But it is a commendable change of direction by the industry to make a virtue of the business of petroleum exploration.

An Origin spokesman told Energy News this week the campaign was part of “a renewed focus on telling Australians about the important role we play in making energy available every day of the year”

“Most people know Origin as an energy retailer and are unaware that we also play a critical role in society by searching and developing new sources of energy, generating electricity, and making energy available for people to use in their homes and businesses.”

If rising gas prices of the east coast become a big public issue over the next few years, Origin’s message could certainly strike a chord with consumers and give them a reason to choose Origin over another energy provider.

The campaign coincides with a change in strategy by Origin in regard to the business of exploration.

It is no secret the company has not had much success in recent years outside of Queensland’s CSG basins.

The company’s 2P reserves have fallen over the past three financial years from 7041 petajoule equivalent (Pje) to 5,108, PJe, although a substantial part of this decrease is from the sell-down of equity in APLNG from 50% to 37.5%.

The exploration team under Paul Zealand has done a good job of replacing produced reserves, and indeed added a bit extra. But the big discovery that leads to a step change in the reserve base has been elusive, despite some innovative and commendable attempts.

A multi-year campaign in the offshore Otway Basin has come up dry (so far), and there have been some costly and unsuccessful offshore wildcats in places as far away as Vietnam and Kenya.

The new strategy is tightly focused on Australia’s three LNG hubs — the North West Shelf, Darwin and Gladstone, and the east coast domestic market.

There is also an unashamed shift towards buying into other people’s discoveries, with the $US800 million buyout of Karoon the clearest example.

The new strategy is driven by the desire to reduce risk and, more importantly, the time it takes to get new resources to the market.

It is believed the challenge of bringing coal seam gas to Gladstone has highlighted the risks and costs in that long period between discovery and first cargoes.

Origin’s managing director, Grant King, was quite expansive on the subject of exploration in a briefing last month on the Karoon deal.

“The particular puzzle we were facing was that if we were to seek to explore into the North West Shelf, it would really take us a very long time and be a very expensive task for us.

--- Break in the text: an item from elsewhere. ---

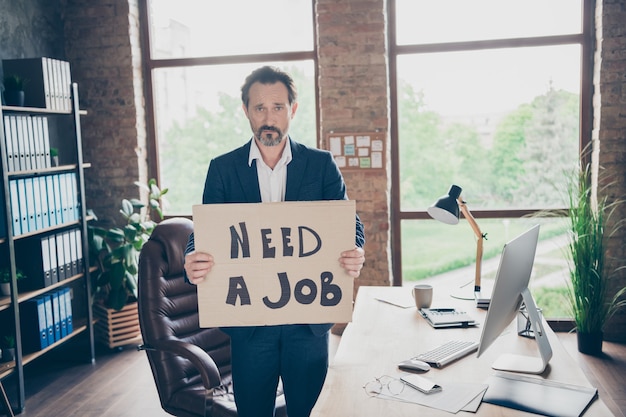 Photo besoin d'un travail. photo de profil d'un désespoir de mauvaise humeur licencié un employé de bureau homme mûr tenant une affiche à la recherche d'un nouvel emploi le dernier jour ouvrable lieu de travail congédié de mauvaise humeur bureau moderne à l'intérieur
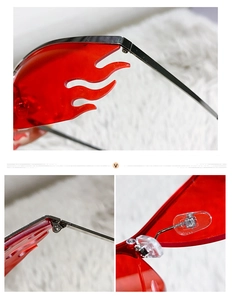 Detail view of flame-shaped red sunglasses showing metal hinges and silicone nose pads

“Just by way of benchmarking that, these Poseidon permits were first awarded … in 2001, so it’s 11 or 12 years to discovery and still some years before any FID decisions we’d make… it takes a very, very, very long time to explore one’s way into earnings and cash flow.”

“Not only does it take a very long time, but it involves risking a very significant amount of money and again, as some of you will know, we’ve taken some very small and early steps to be involved in exploration offshore, to date without any real success to show for it and to the level that’s not big enough to guarantee any material chance of success.

“One of the key issues for us was how much we might have to spend on exploration and how long it would take, if we were to seek to explore our way into that opportunity ... certainly our internal view is that we would have had to spend at least $100 million a year on exploration perhaps as for as much as five to 10 years to have any material prospect of adding further growth.”

Another interesting trend in Origin’s new strategy is the growing partnership with ConocoPhillips, which has been a key player in the APLNG project.

The US super major is the operator of Poseidon permits in the Browse basin, as well as operator of Darwin LNG, which Origin has identified as the likely development hub for discoveries from its increasing activity in the Northern Territory.

The importance of Darwin began to emerge a year ago when Origin announced it would spend up to $40.6 million to earn an 80% interest in MEO Australia’s Breakwater gas prospect in WA-454-P.

The prospect has an estimated prospective resource of up 2.4 trillion cubic feet of gas and 276 million barrels of oil and condensate, and is in close proximity to ENI’s Blacktip project.

The pace of the deal activity has lifted sharply in recent months, with news of a farm-in worth up to $252 million into Senex Energy’s Area A and Area B Deeps tight gas project in the Cooper Basin.

This was followed by a farm-in to Falcon Oil & Gas’ unconventional play in the Beetaloo sub-basin of the Macarthur Basin, and of course the big Poseidon deal in the Browse Basin.

That’s well over $1 billion spent or committed in just a few months, and highlights the ambition and the urgency behind Origin’s new exploration strategy.